CP2K has regression tests that are helpful when coding, but not for
validation. do_regtest triggers differences between outputs generated by
two version of CP2K, but it does not tell which version is wrong. When
coding in Fist I notice that about 20% of the regtest errors are due to
bugs in the old version, 80% is due to bugs in my own patches.
Conclusion: one needs absolute tests for validation, and not a
comparison between different versions. Based on a single execution of
the tests it must be able to say: "yes, feature X works" or "no, feature
X fails."
Writing absolute tests is not as easy as making regressions tests, but
they reduce the time wasted on debugging code. In the end it also pays
of from the developer perspective. There are several ways to make
absolute tests. Just a few random ideas:
- The run_type debug has a few nice examples.

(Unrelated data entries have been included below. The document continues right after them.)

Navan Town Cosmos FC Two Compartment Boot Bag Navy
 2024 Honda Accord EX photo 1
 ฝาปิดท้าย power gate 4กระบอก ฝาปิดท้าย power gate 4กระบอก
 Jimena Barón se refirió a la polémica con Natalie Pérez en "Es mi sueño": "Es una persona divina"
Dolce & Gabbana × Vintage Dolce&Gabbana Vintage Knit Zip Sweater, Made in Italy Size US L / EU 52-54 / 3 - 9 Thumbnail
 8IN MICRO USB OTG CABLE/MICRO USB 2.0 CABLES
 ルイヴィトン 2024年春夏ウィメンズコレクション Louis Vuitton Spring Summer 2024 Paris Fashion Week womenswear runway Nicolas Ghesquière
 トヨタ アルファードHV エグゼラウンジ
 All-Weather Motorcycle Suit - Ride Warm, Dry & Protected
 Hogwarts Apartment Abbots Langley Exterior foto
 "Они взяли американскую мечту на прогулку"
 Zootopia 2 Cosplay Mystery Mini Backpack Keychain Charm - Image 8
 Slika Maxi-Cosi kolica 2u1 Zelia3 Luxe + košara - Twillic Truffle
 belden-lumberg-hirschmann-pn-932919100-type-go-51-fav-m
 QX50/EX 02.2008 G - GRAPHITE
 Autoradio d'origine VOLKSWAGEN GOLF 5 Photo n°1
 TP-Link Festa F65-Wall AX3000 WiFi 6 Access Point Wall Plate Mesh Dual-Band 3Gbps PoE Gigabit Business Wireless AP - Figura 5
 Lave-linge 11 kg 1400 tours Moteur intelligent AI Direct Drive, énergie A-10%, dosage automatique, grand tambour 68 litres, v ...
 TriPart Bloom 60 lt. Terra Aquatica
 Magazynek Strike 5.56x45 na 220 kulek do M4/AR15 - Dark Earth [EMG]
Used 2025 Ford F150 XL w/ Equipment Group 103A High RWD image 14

One may add more type of
consistency tests: 'debug conserved quantity', 'debug functional
derivative (for QS)', 'debug electrostatic potential', etc.
- The restart feature is suitable for absolute testing in a rather
trivial way.
- For Fist, it is easy to create simple inputs for which the output can
be reproduced with a few lines of Python.
- Parts of the QMMM output can be compared directly with independent
Fist and QS jobs. The same can be done with multiple force evals.
There are probably many other possibilities. It is just a matter of
creativity.
I've been using my own absolute testing framework to validate patches
for Fist. I can work on a more general version that also handles the
regression tests and hooks well on the debug run_type. It should be good
enough to replace do_regtest. Is there any chance that other developers
would start using it? Otherwise it does not make sense to work on it.